By , About.com Guide

It is no longer news that airlines are trying to cope with inflated fuel costs that are running several airlines into bankruptcy, and causing an immense financial burden for those that continue to operate through these pricey fuel times. American Airlines sent out a statement that puts a lot of these expenses into perspective, and I thought it could make for an interesting read. In no way does this mean I condone charging for not just the second bag, but for the first checked in piece of luggage on many of its routes.

As passengers, many of the costs are absorbed in ticket prices, fuel surcharges, and a whole host of other fees. So it's intriguing to see an airline come out with the plain facts and show where they are at, and try and find some explanation for passengers who are often feeling deceived by all the add on fees that seem only barely visible in the fine print, and are all too real when booking a ticket. Here are some of the facts American Airlines put forth in a recent statement:
  • A $10 increase in the price per barrel of oil costs American $800 million in extra expenses per year.
  • Fuel was $129 per barrel on May 20, 2008 – in effect, American Airlines is incurring nearly $3 billion more in annual expenses since the start of the year. Further, since March, when crude averaged about $105, the price has increased by almost $25 per barrel, meaning about $1.9 billion more in annual expenses in under 2 months.
  • Fuel averaged $72 a barrel in 2007 - $4.6 billion less in annual expenses, if the current fuel price trend stays at about $130 per barrel.
  • “The airline industry as it is constituted today was not built to withstand oil prices at $125 a barrel, and certainly not when record fuel expenses are coupled with a weak U.S. economy,” said AMR Chairman and CEO Gerard Arpey. “We must find ways to cover the cost of providing our services so that we can remain viable and have the resources to reinvest in our company for the future.”

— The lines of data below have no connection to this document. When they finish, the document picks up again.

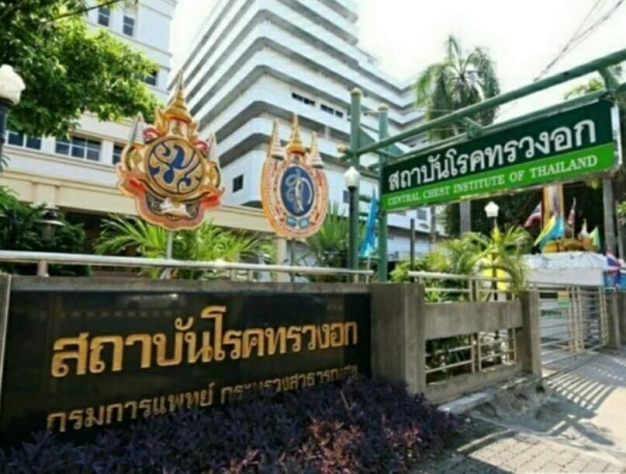 สถาบันโรคทรวงอก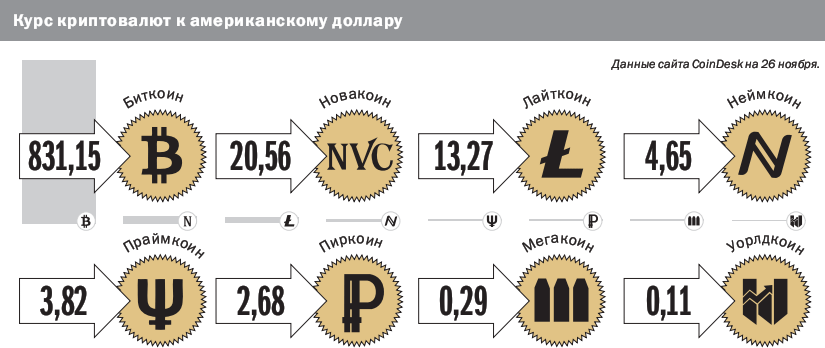 Криптовалюты типы: новые валюты, их стоимость и курс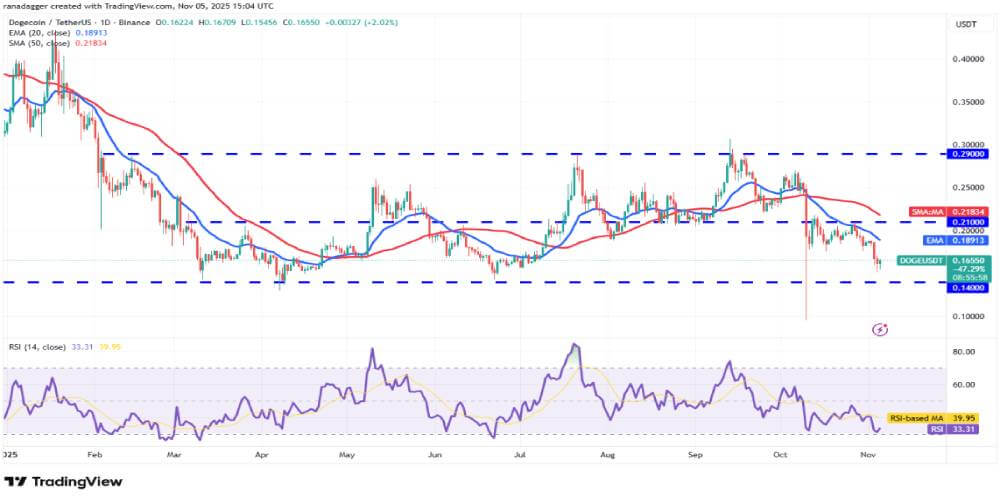 狗狗币 (DOGE) 技术分析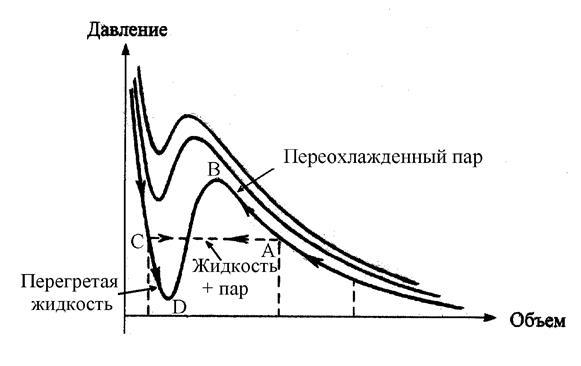 Бифуркации при эволюции сложных систем - student2.ru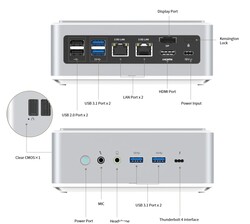 Externe interfaces (bron: Minisforum)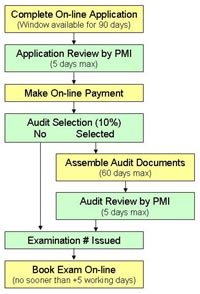 pmi  application form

  • American Airlines domestic capacity will be reduced in the fourth quarter of 2008 by 11 to 12 percent, compared to the same period in 2007. This will mean job losses and possible facility closures.
  • Since American Airlines released its first quarter 2008 financial results on April 16, American has participated in or led 15 fare increases, 14 of which were at least partially successful. Most recently American Airlines introduced a $15 fee for the first checked bag where they cited the increasing costs of transporting checked baggage as a reason to do so (certain exceptions to the $15 fee apply.
  • American Airlines also increased its fees for certain other services, including reservation service fees and the carriage of pets to name a few.
Given the current air travel climate, this is likely not the end of increased fees.